=== What is expected ===
Although the records contain pictures, the copy should leave them out and match everything else exactly.

=== Data section ===
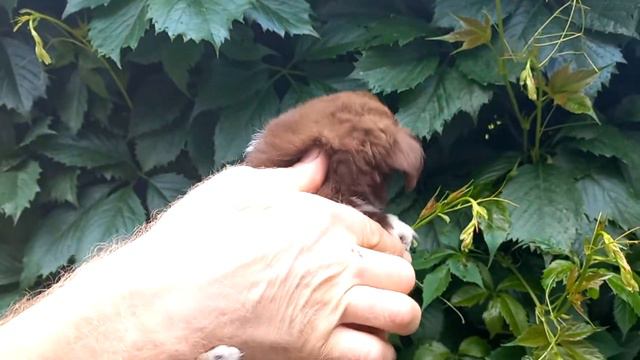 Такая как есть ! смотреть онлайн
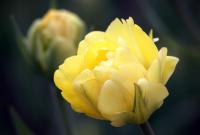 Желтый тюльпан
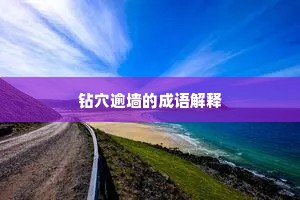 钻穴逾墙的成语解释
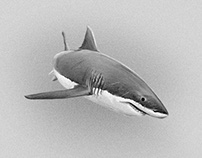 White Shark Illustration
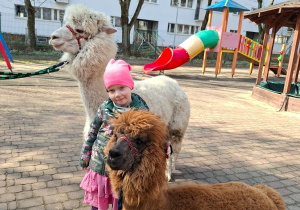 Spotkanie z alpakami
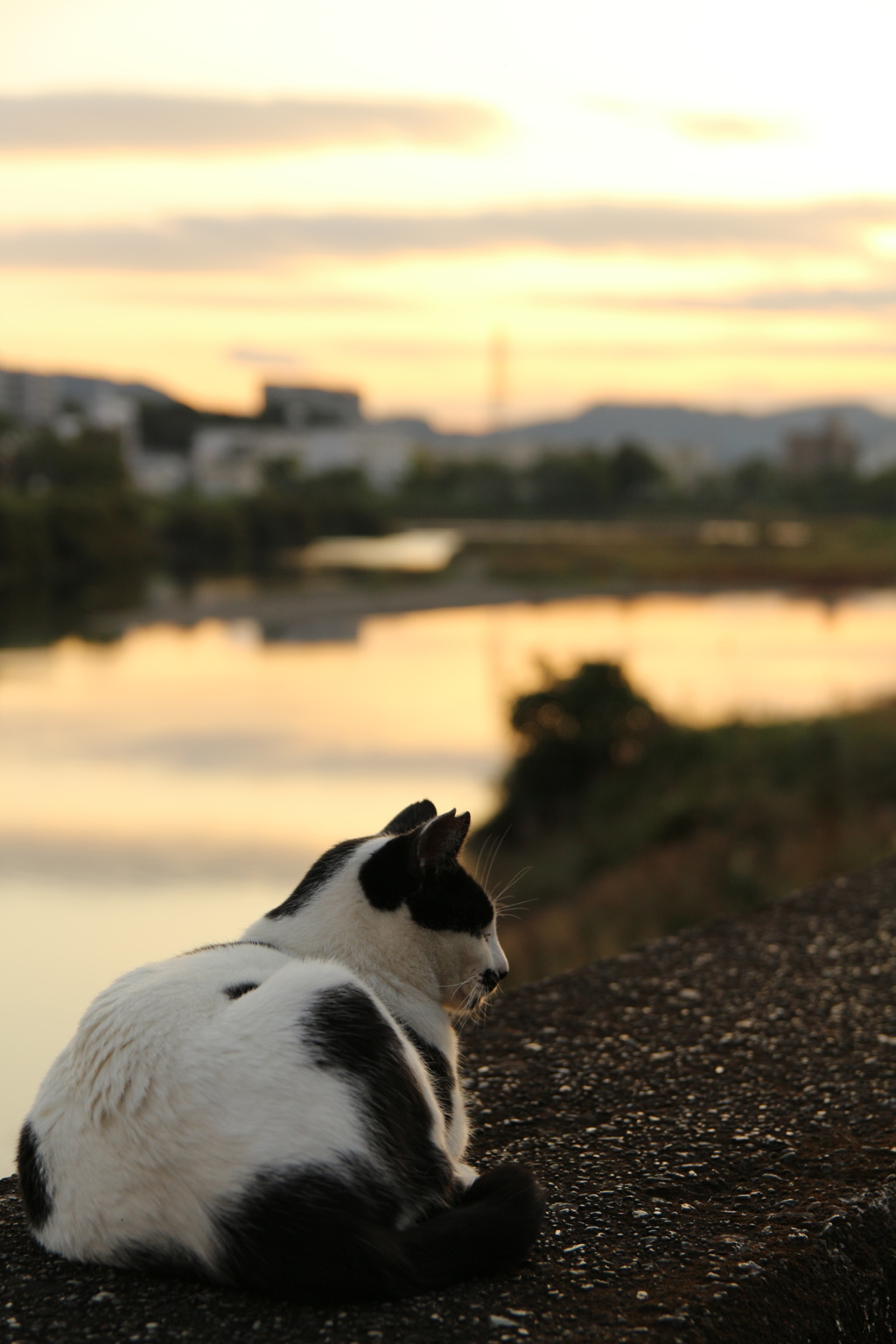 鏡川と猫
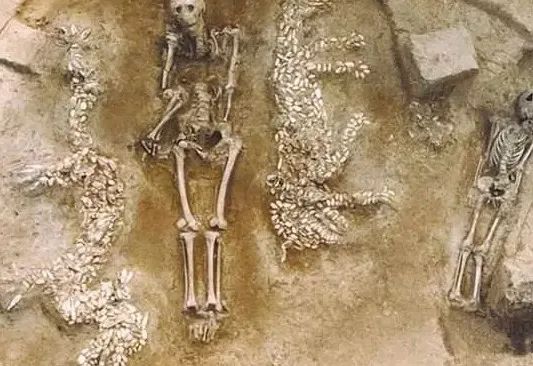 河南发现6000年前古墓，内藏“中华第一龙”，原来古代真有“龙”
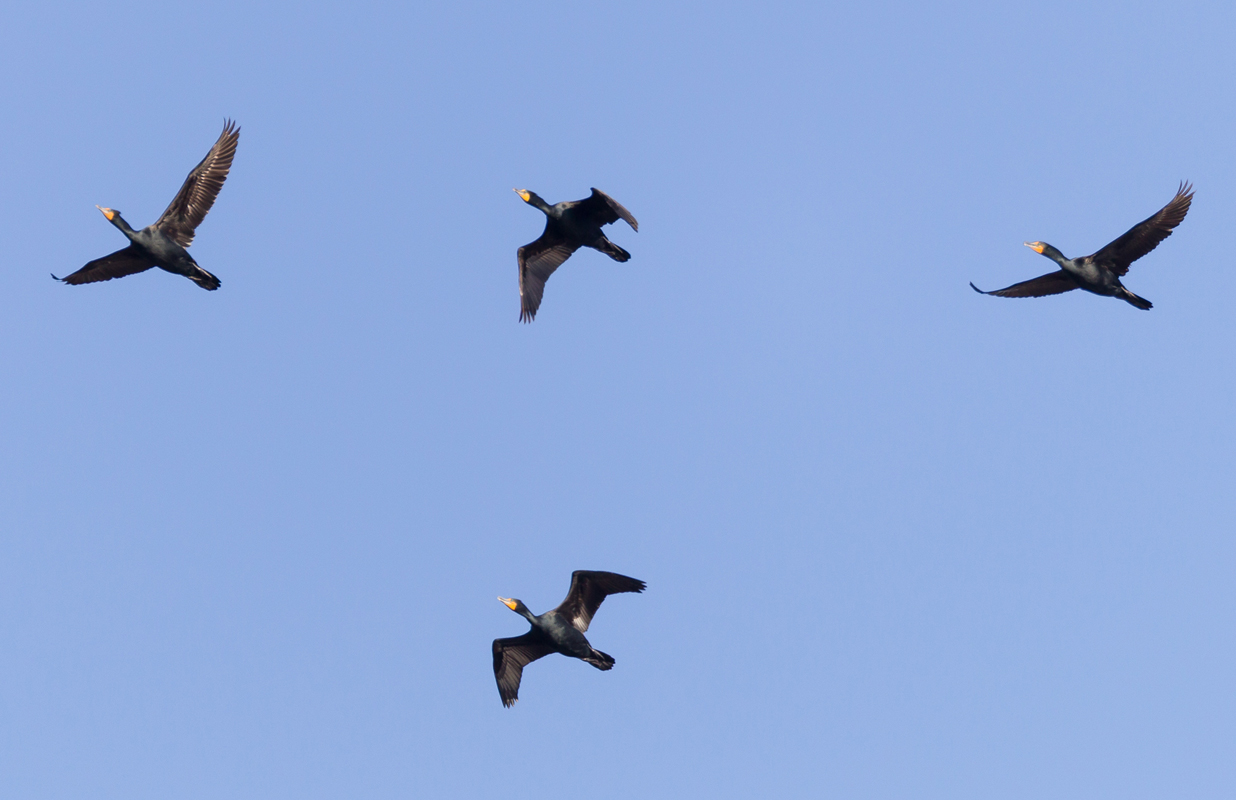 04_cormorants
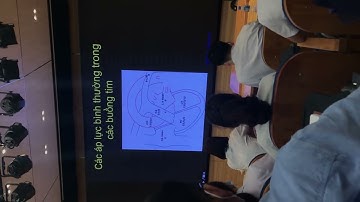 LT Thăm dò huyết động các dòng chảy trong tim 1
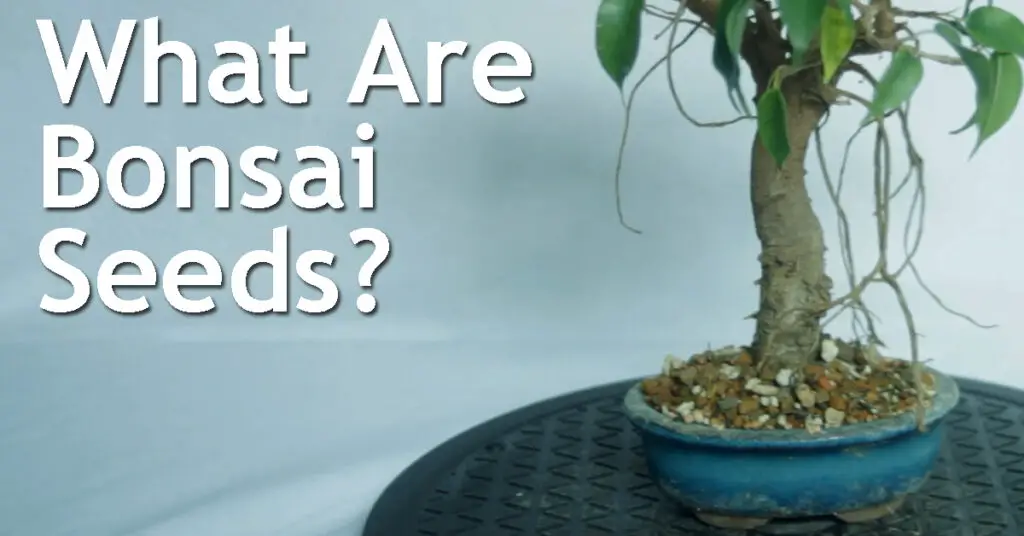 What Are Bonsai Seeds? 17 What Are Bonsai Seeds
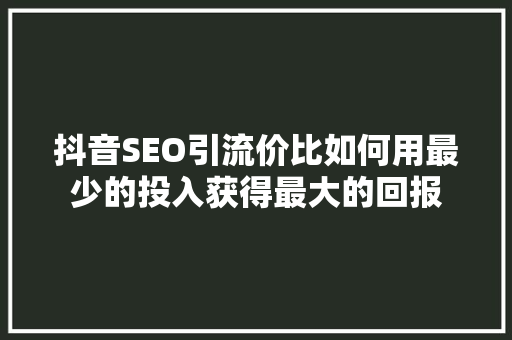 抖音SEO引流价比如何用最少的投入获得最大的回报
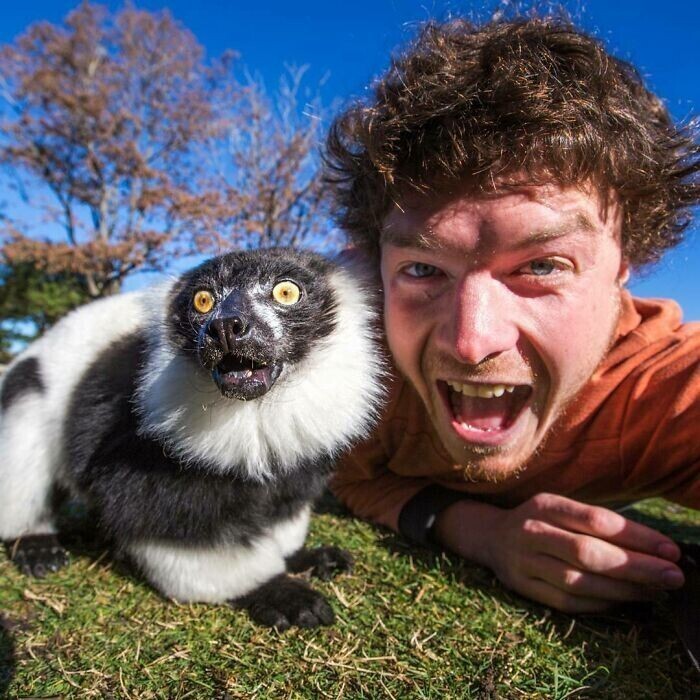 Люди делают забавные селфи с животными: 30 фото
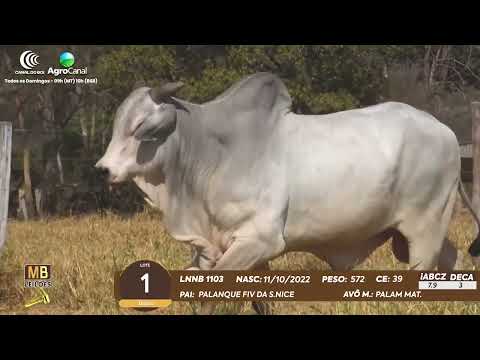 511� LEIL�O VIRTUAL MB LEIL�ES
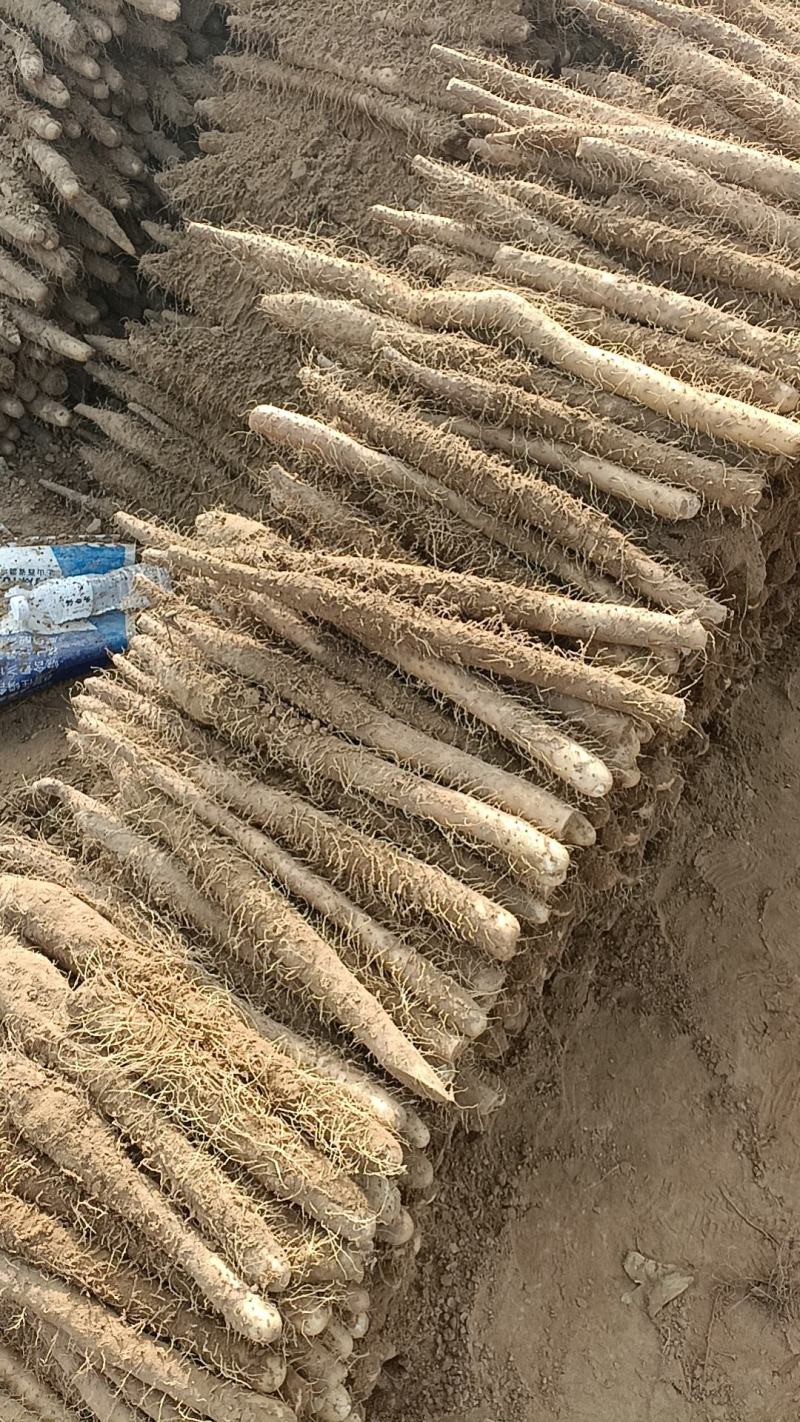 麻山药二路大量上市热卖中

=== Solution to the exercise ===
 Такая как есть ! смотреть онлайн
 Желтый тюльпан
 钻穴逾墙的成语解释
 White Shark Illustration
 Spotkanie z alpakami
 鏡川と猫
 河南发现6000年前古墓，内藏“中华第一龙”，原来古代真有“龙”
 04_cormorants
 LT Thăm dò huyết động các dòng chảy trong tim 1
 What Are Bonsai Seeds? 17 What Are Bonsai Seeds
 抖音SEO引流价比如何用最少的投入获得最大的回报
 Люди делают забавные селфи с животными: 30 фото
 511� LEIL�O VIRTUAL MB LEIL�ES
 麻山药二路大量上市热卖中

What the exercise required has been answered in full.